— WHAT THE TASK REQUIRES —
Skip the pictures. Return exactly the lines from the one containing "Lionel Richie &" through the end of the entries below.

— RECORDS PROVIDED —
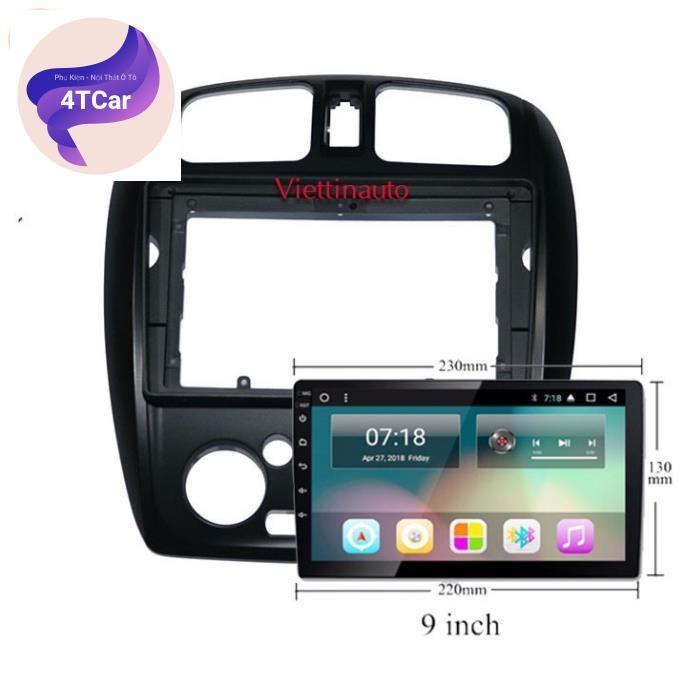 Mặt Dưỡng 9 Inch Mazda 323 , Ford Laser Chất Lượng Cao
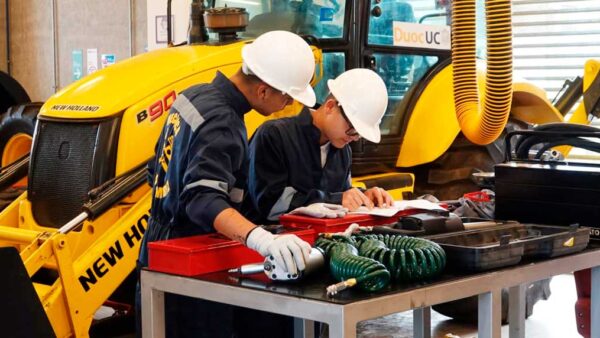 WorldSkills Chile: Formando talento técnico y humano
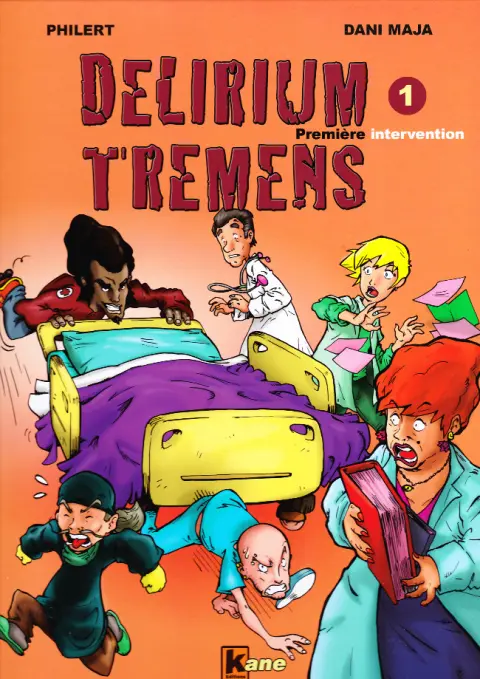 Delirium tremens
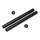 CENTURY 230MM BLACK ALUMINIUM TUBES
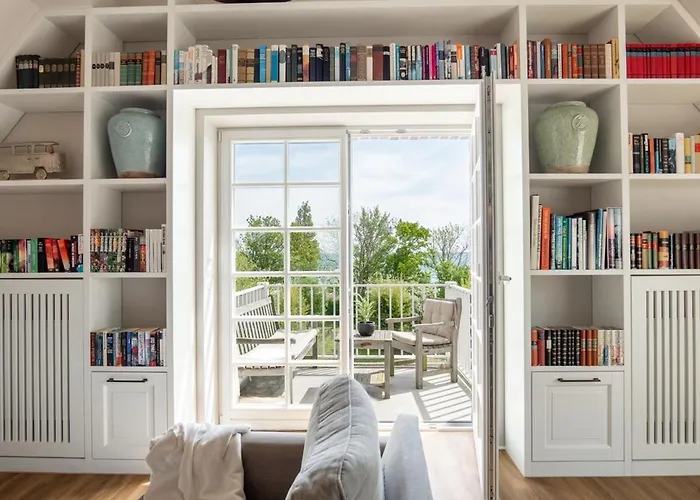 Strandhüüs, 7 Ostseeloft Apartment Großenbrode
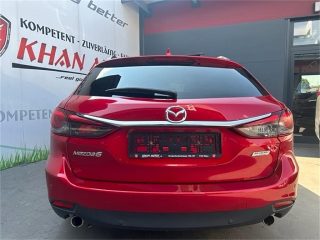 Mazda Mazda6 Sport Combi CD150 Attraction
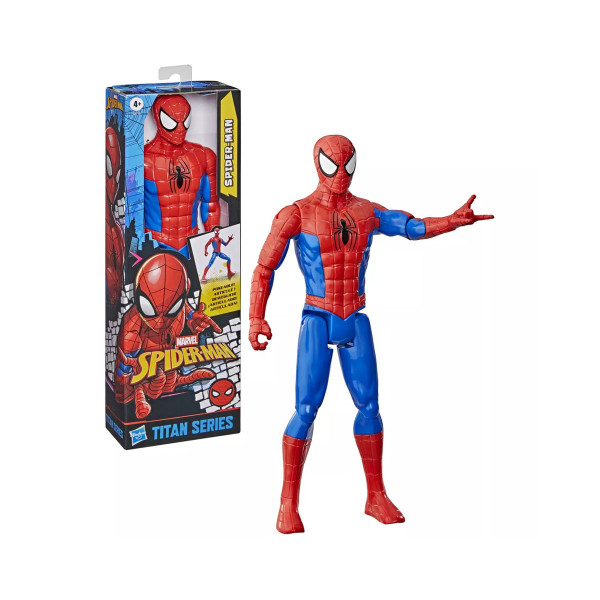 Фигура, Marvel: Spider-Man (Titan Series) 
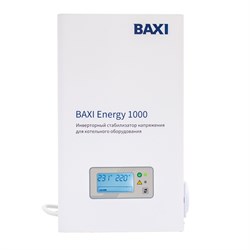 Стабилизатор напряжения Baxi Energy 1000 - фото 4553616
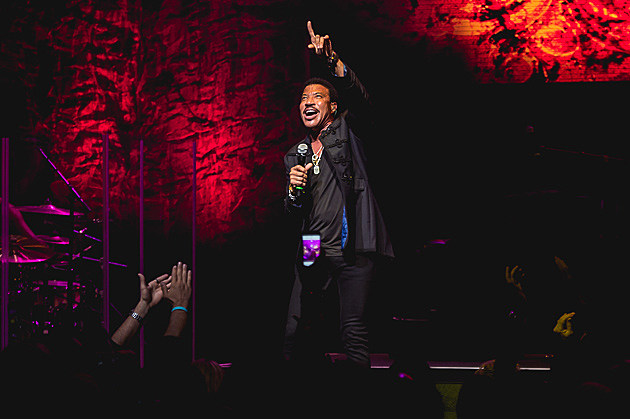 Lionel Richie & The Suffers @ ACL Live - 10/24/2015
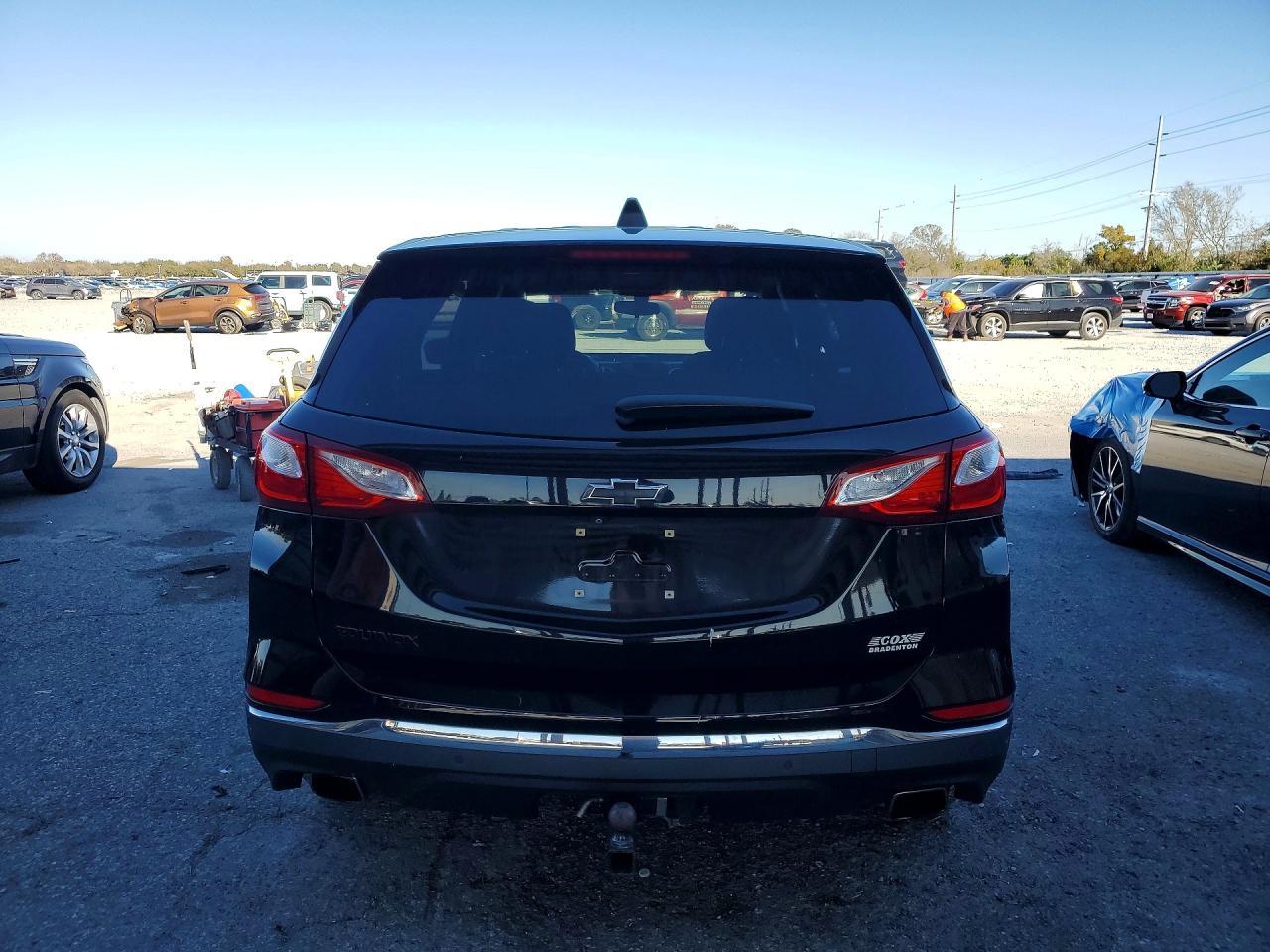 2019 CHEVROLET EQUINOX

— SOLUTION TO THIS PROBLEM —
 Lionel Richie & The Suffers @ ACL Live - 10/24/2015
 2019 CHEVROLET EQUINOX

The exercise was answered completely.